Data entries:
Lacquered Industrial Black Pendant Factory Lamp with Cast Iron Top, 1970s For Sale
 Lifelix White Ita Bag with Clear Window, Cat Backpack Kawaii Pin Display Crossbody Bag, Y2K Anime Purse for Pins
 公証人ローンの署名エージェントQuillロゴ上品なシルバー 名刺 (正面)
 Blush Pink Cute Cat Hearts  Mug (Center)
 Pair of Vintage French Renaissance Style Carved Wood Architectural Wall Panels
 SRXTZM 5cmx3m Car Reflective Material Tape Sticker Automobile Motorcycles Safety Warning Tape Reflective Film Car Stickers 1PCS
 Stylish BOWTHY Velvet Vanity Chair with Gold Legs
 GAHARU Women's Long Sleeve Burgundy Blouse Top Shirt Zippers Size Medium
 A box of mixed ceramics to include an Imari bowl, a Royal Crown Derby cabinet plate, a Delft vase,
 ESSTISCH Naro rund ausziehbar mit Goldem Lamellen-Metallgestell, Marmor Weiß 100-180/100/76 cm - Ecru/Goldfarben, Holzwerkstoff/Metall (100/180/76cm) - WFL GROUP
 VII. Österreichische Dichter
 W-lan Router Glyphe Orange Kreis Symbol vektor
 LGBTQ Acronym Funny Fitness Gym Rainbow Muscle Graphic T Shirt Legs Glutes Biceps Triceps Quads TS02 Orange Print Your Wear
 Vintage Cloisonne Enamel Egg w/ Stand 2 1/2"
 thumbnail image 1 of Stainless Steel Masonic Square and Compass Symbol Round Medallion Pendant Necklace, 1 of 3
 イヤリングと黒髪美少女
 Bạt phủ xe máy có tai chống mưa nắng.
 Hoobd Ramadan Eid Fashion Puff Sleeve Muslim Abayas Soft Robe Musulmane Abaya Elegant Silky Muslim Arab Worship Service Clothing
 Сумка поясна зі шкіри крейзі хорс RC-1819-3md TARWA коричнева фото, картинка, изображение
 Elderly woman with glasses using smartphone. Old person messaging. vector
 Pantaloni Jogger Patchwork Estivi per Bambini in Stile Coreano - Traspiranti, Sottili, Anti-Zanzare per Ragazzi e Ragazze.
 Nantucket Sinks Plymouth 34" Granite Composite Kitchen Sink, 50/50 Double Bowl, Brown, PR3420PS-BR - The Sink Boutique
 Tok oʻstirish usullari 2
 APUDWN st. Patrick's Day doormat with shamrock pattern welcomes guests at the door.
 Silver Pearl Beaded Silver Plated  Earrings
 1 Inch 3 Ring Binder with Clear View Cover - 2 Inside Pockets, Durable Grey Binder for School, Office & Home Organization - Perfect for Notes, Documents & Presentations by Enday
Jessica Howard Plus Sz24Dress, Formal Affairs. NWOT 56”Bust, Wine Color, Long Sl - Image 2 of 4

Your instructions:
Give back the lines of the data exactly as they are written, from the first line through the line containing "Stylish BOWTHY Velvet".

Expected answer:
Lacquered Industrial Black Pendant Factory Lamp with Cast Iron Top, 1970s For Sale
 Lifelix White Ita Bag with Clear Window, Cat Backpack Kawaii Pin Display Crossbody Bag, Y2K Anime Purse for Pins
 公証人ローンの署名エージェントQuillロゴ上品なシルバー 名刺 (正面)
 Blush Pink Cute Cat Hearts  Mug (Center)
 Pair of Vintage French Renaissance Style Carved Wood Architectural Wall Panels
 SRXTZM 5cmx3m Car Reflective Material Tape Sticker Automobile Motorcycles Safety Warning Tape Reflective Film Car Stickers 1PCS
 Stylish BOWTHY Velvet Vanity Chair with Gold Legs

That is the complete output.